Hiç şüphesiz bu durum, Bağdatlılarla Horasanlılar arasında öteden beri süregelen ilmî ve siyasî rekabetten kaynaklanmaktaydı.
Ebû Hayyân et-Tevhîdî’nin bildirdiğine göre Âmiri o devrin bir başka önemli kültür merkezi olan Rey şehrinde de beş yıl kalmıştır. Müellif, İbn Miskeveyh’ten söz ederken, “Âmiri Rey’de sürekli olarak beş yıl kaldı. Bu müddet zarfında hem ders okuttu, hem de eserlerini kaleme aldı. Ne var ki İbn Miskeveyh ondan ne bir mesele ne de bir kelime öğrenebildi; âdeta ikisinin arasında bir set vardı” diyerek böylesine değerli bir filozoftan istifade edemediği için İbn Mİskeveyh’i eleştirmektedir.
Öyle anlaşılıyor ki Amirî en çok ilgiyi Sâmânî emîr ve vezirlerinden görmüştür. Bu sebeple, hayatının mühimce bir kısmını Buhara’da geçirmiş ve bazı eserlerini burada yazarak devlet büyüklerine ithaf etmiştir. Buhara’ya kaç defa gittiği ve ne kadar kaldığı kesin olarak bilinmiyorsa da ithaf ettiği eserlere bakarak orada uzun süre kaldığı söylenebilir.

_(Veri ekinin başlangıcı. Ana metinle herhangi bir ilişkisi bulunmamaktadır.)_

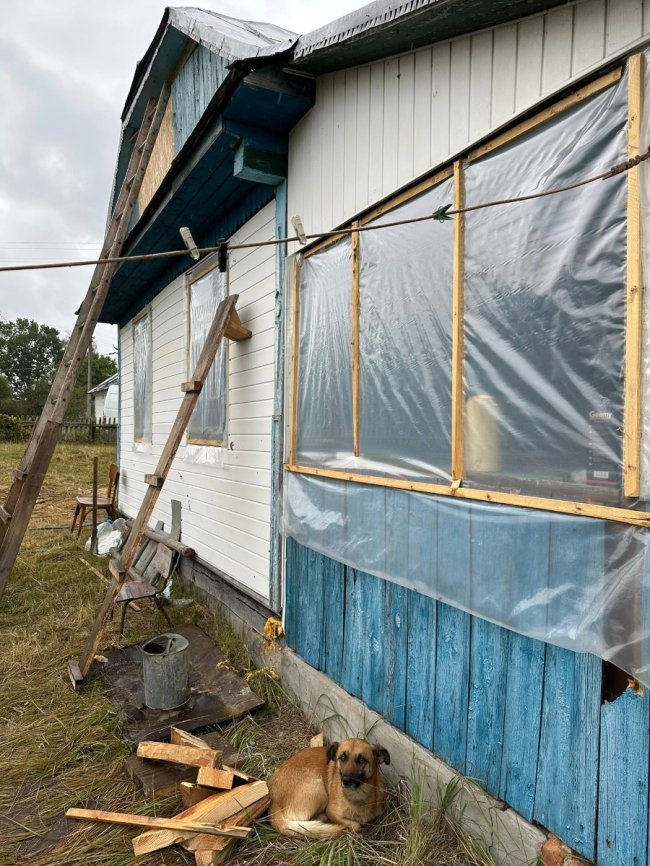 На будинок впав боєприпас з літака: на Волині постраждалій сім'ї збирають кошти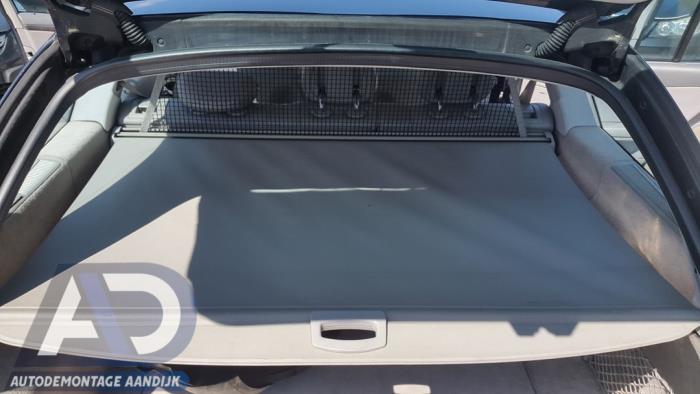 Dekzeil Bagageruimte van een Mercedes-Benz E Combi (S211) 2.2 E-220 CDI 16V 2005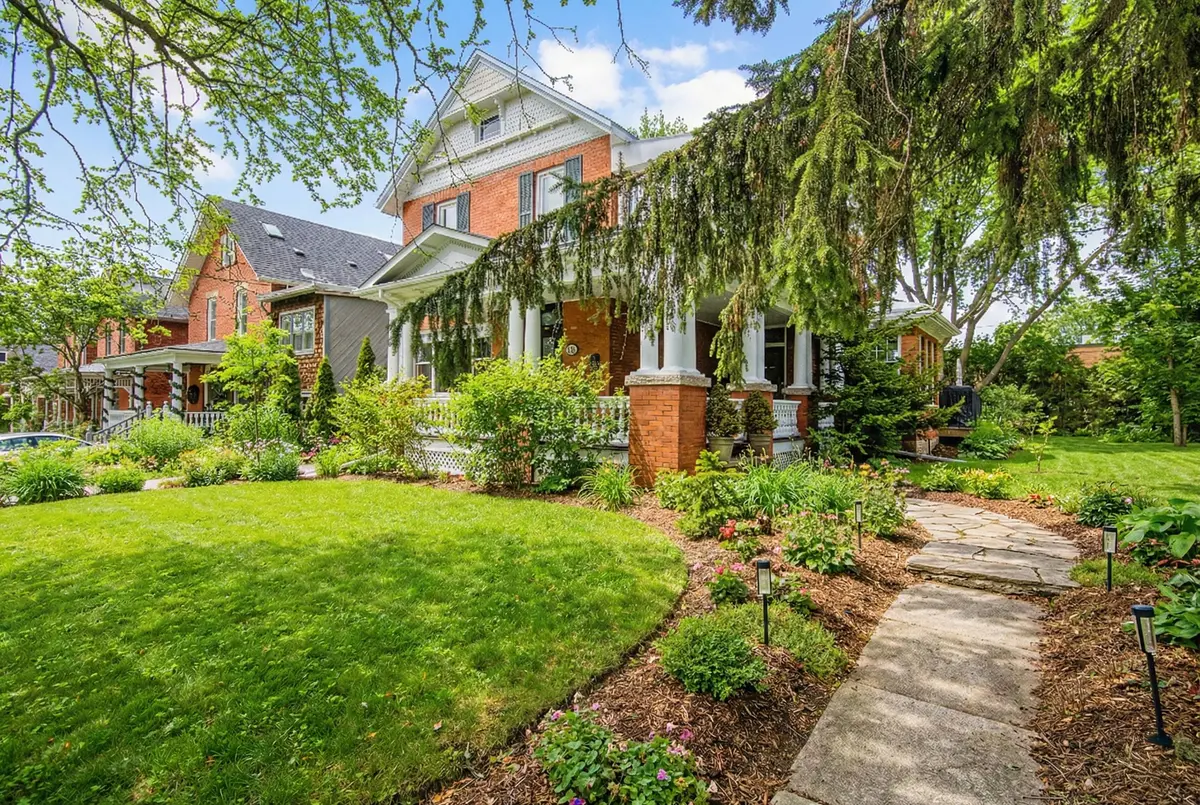 61 Cambridge ST, Guelph, ON N1H 2V1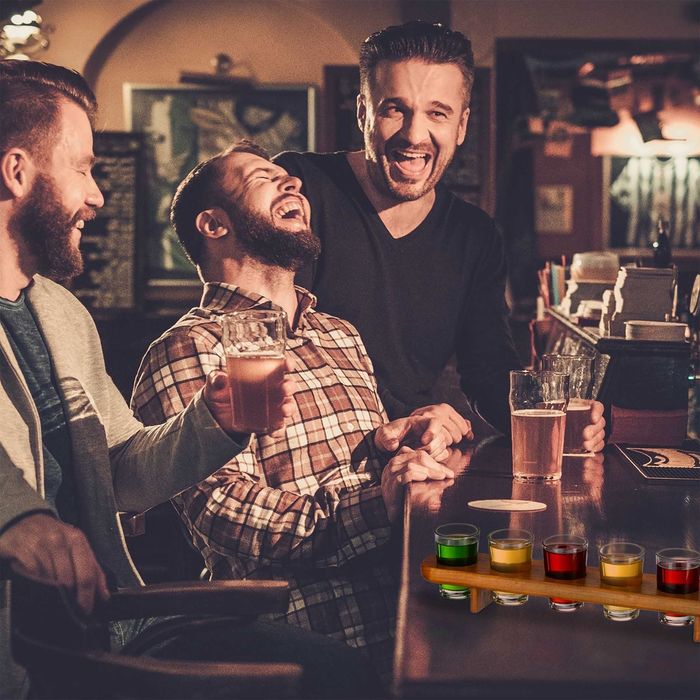 Set suport de bauturi din lemn cu 6 pahare shot, 4 cl, maro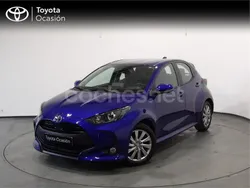 Azul Usado 2024 Toyota Yaris Hybrid Active Berlina | 21.800 € (Precio justo)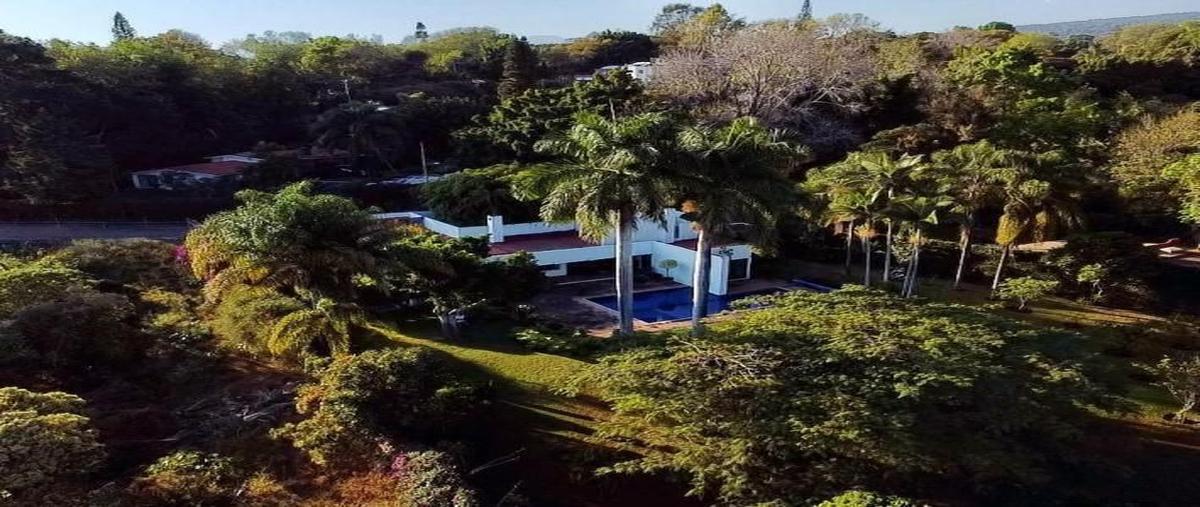 Foto de casa en venta en  , ahuatepec, cuernavaca, morelos, 0 No. 02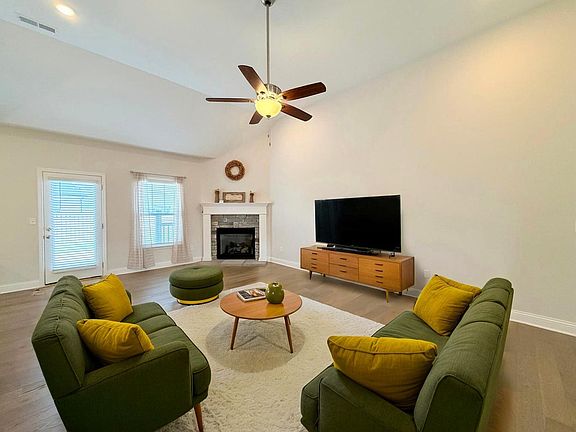 5th image of 709 Copley Pointe Dr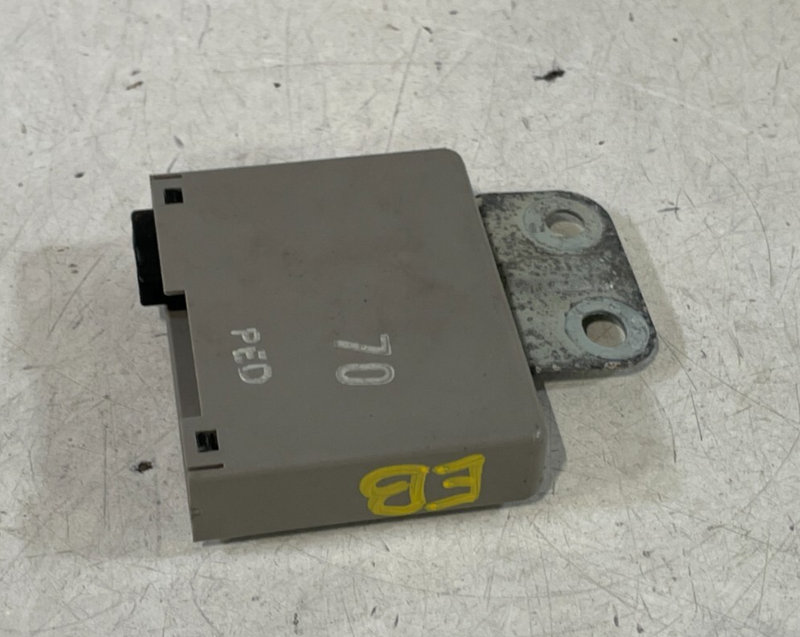 Load image into Gallery viewer, 2019 - 2020 INFINITI QX50 KEYLESS ENTRY CARD BUZZER MODULE 25641-3TA4E # 98856
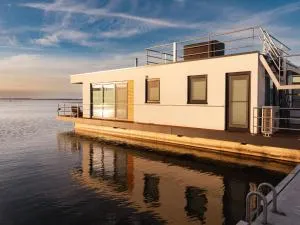 Houseboat in Ribnitz-Damgarten - Beiershagen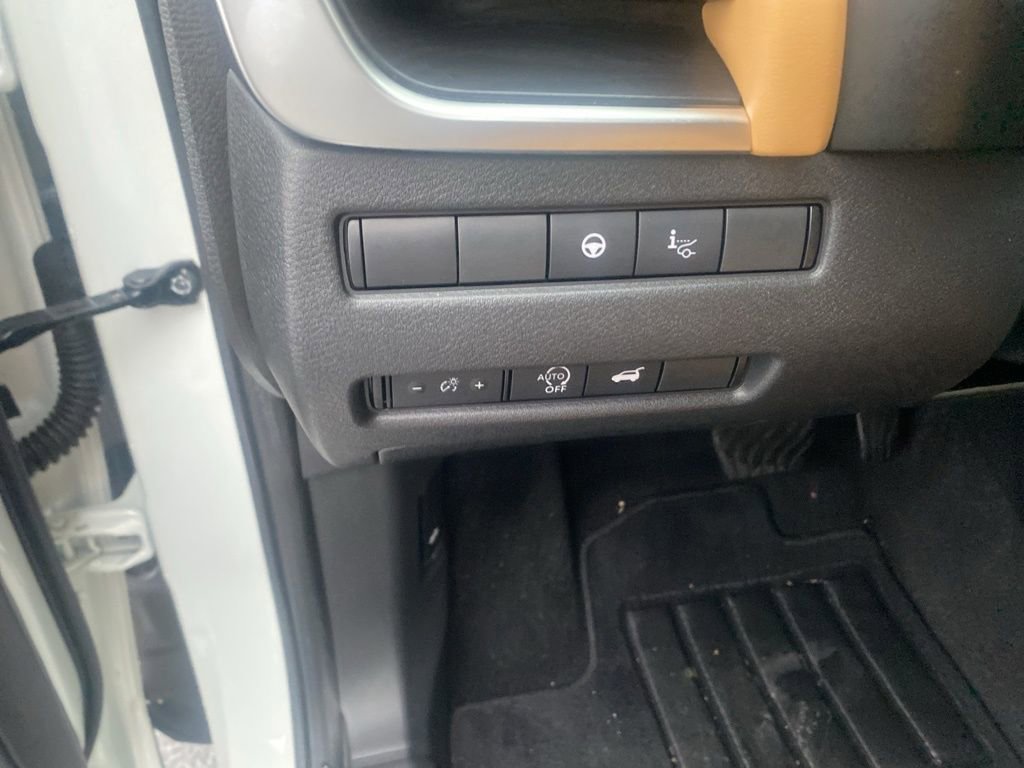 Used 2023 Nissan Rogue Platinum w/ Platinum Premium Package image 17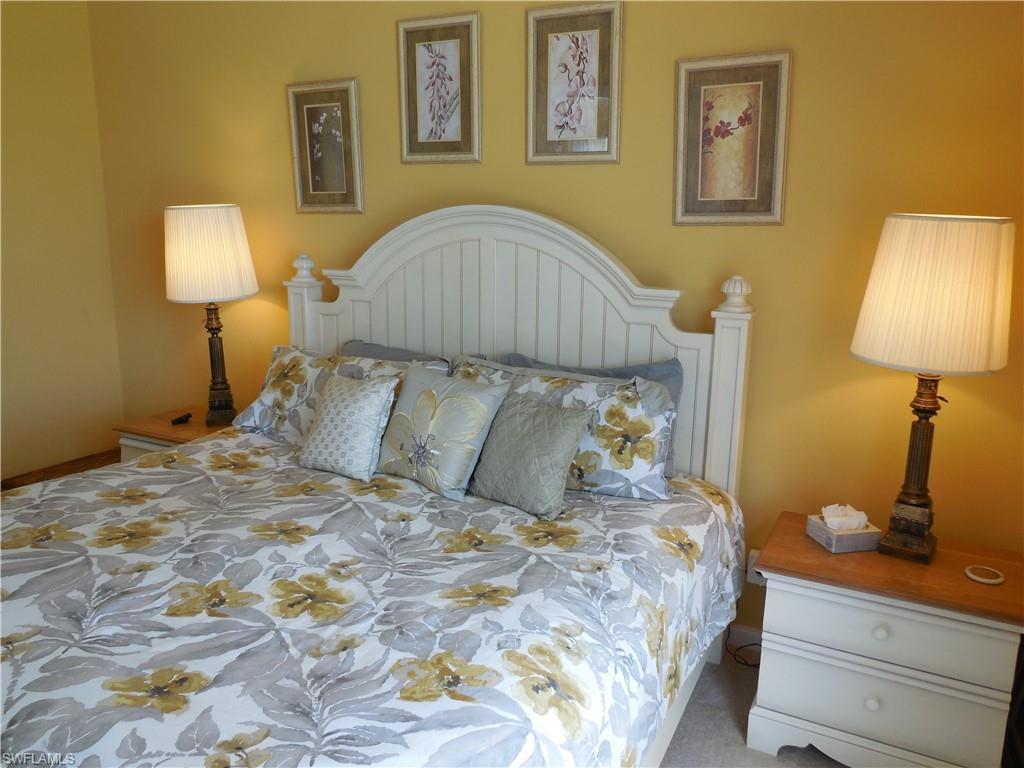 ISLAND WALK - Residential Lease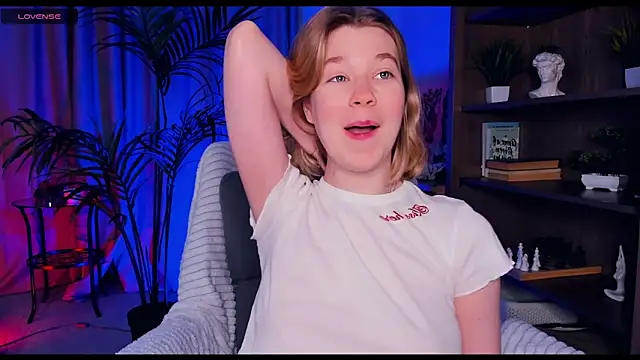 Snapshot of PollyHathor chatting on March 19, 2025, 1:10 am PollyHathor online show from March 19, 2025, 1:10 am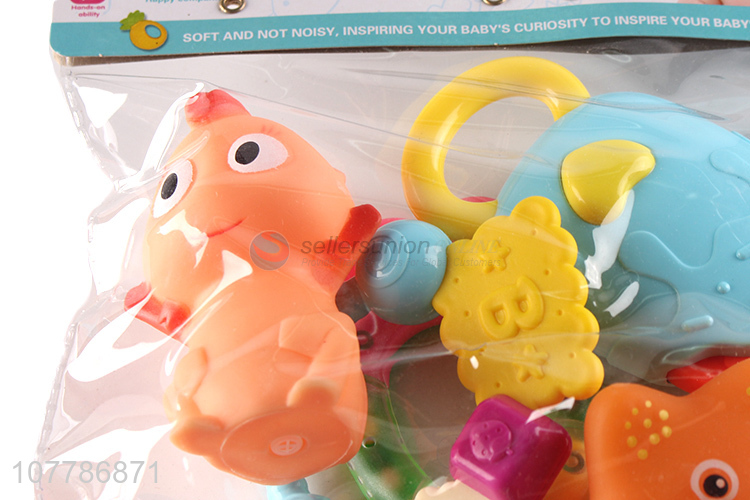 Wholesale cartoon baby bath toys plastic swimming toy
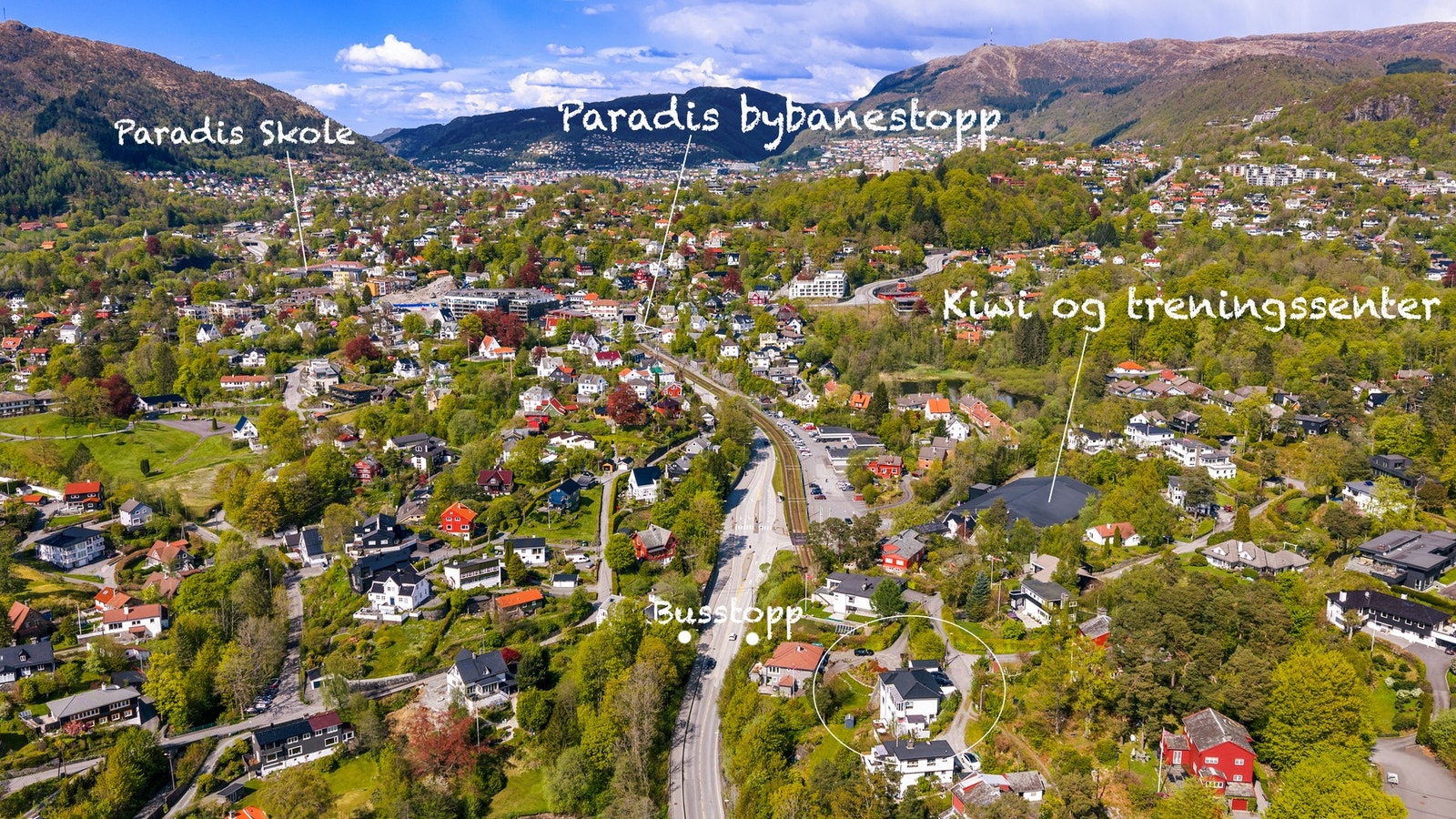 Kort avstand til skole, busstopp, butikk, trening Galleribilde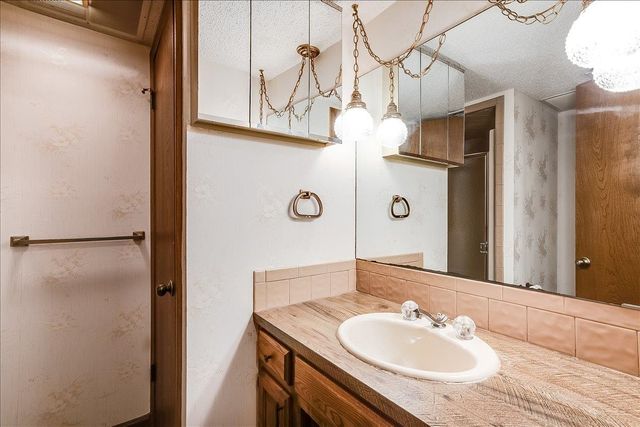 5549 N Athenian, Wichita, KS 67204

Nitekim et-Takrir li-evcühi’t-takdir adlı eserini Sâmânî Hükümdarı Nuh b. Mansûr’un veziri Ebü’l Hüseyin Abdullah b. Ahmed el-Utbi’ye, el-İlâm bi-menâkıbi’l-İslâm adlı eserini vezir Ebû Nasr b. Ebû Zeyd’e İthaf etmiştir. Ayrıca ölümünden altı yıl önce yazdığı el-Emed “ale’l-ebed”in sonunda yer alan bir kayda göre eser 375’te Buhara’da yazılmıştır. Bu da onun Buhara’da uzun süre kaldığını gösteren bir başka belge sayılabilir.
Bu arada, filozofun evlendiği ve çocuklarının bulunduğu Yakut’un bir ifadesinden anlaşılmaktadır. Âmiri, uzunca bir ömrü müteakip 27 Şevval 381’de Nîşâbur’da öldü.
Hicrî IV. yüzyılda Horasan ve Mâverâünnehir bölgelerinde filozof olarak büyük bir ün yapmış olan Âmiri. Fârâbî ve İbn Sînâ gibi iki büyük filozof arasındaki bir dönemde yaşadığı için ölümünden bir süre sonra âdeta unutulmuştur. Bu durumu onun Şiî oluşuna bağlayanlar varsa da yeni araştırmalar bu iddianın yanlış olduğunu ortaya koymaktadır. Kendî ekolüne bağlı bir filozof olarak onun sistemi, her şeyden önce İslâm ilkelerinden kaynaklanan ve Tanrı-varlık ilişkisini bu perspektiften yorumlayan bir sistemdir. Bütün eserlerinde Sünnî akideyi savunan filozof, irade konusunu işlerken Ebû Hanîfe’den “bilginlerin ziynet ve şerefi” anlamına gelmek üzere “zeynü’l-ulemâ” şeklinde övgüyle söz etmesi de bu görüşü destekler mahiyettedir. Ayrıca, babasının Buhara kadısı ve bir Hanefî fakihi olduğu dikkate alınacak olursa, onun da Hanefî mezhebine bağlı bir Sünnî olduğu ve Şiî’lik’le ilişkisinin bulunmadığı rahatlıkla söylenebilir.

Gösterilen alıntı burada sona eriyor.